Braving the heat of North Carolina, TZS (Tvärminne Zoological Station) postdoc Eero Asmala visited North Carolina State University (USA) for six months to carry out field campaigns in Neuse River estuary in collaboration with professors Chris Osburn (NC State) and Hans Paerl (University of North Carolina). The objective of the field campaigns is to study how variation in freshwater inputs, temperature and light affect the carbon cycling in the estuary. Underwater loggers are deployed in the estuary for weeks at a time, and they are taking measurements every five minutes. This data will be used to model primary production (oxygen production) and respiration (oxygen consumption). In addition to the collected new field data, there is 20+ years’ time series of biogeochemical data from the ModMon monitoring program, and Eero has started to work with this time series to look at annual patterns in carbon dynamics in the system.

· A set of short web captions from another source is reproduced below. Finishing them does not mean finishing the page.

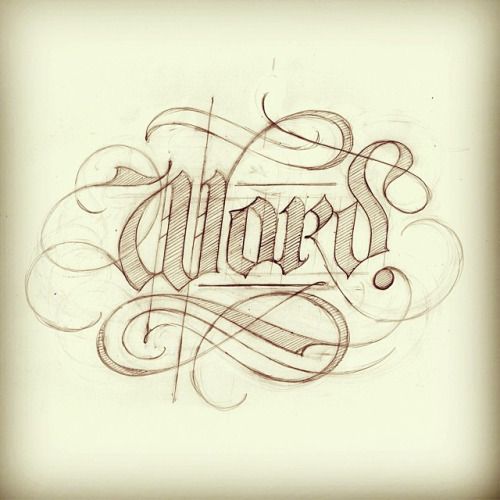 500x500 Word. - Word Sketch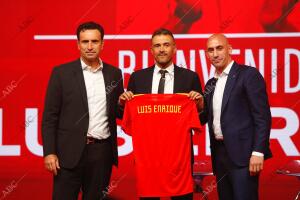 Presentación oficial de Luis Enrique como nuevo seleccionador nacional de la...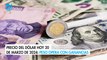 Precio del dólar hoy 20 de marzo de 2024: Peso opera con ganancias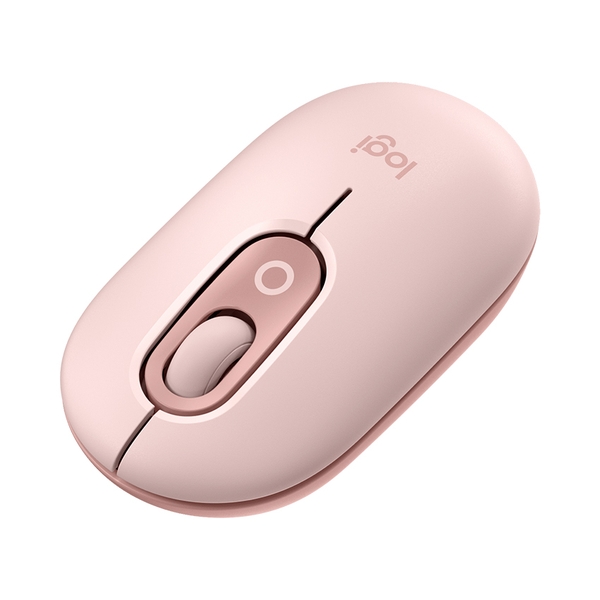 Chuột không dây Logitech Pop Mouse with EMOJI màu Hồng - 910-007402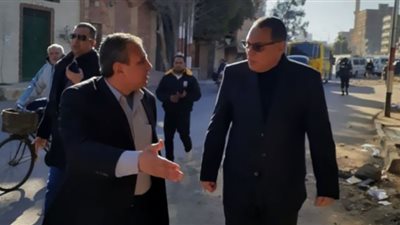 محافظ الشرقية يتفقد موقع إنشاء كوبري علوي الحسينية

An exciting spin-off from the original research plan has started with assistant professor Ryan Paerl (NC State), where the goal is to investigate non-living particles (in other words excluding phytoplankton, bacteria etc.) with flow cytometry. This method allows precise quantification and characterization of the particles in the estuarine waters. This will help us understand how the organic carbon from the river is being changed and consumed during its passage from land to sea.
Eero Asmala is a post-doctoral researcher funded by Suomen Akatemia/ the Academy of Finland, based at Tvärminne Zoological Station.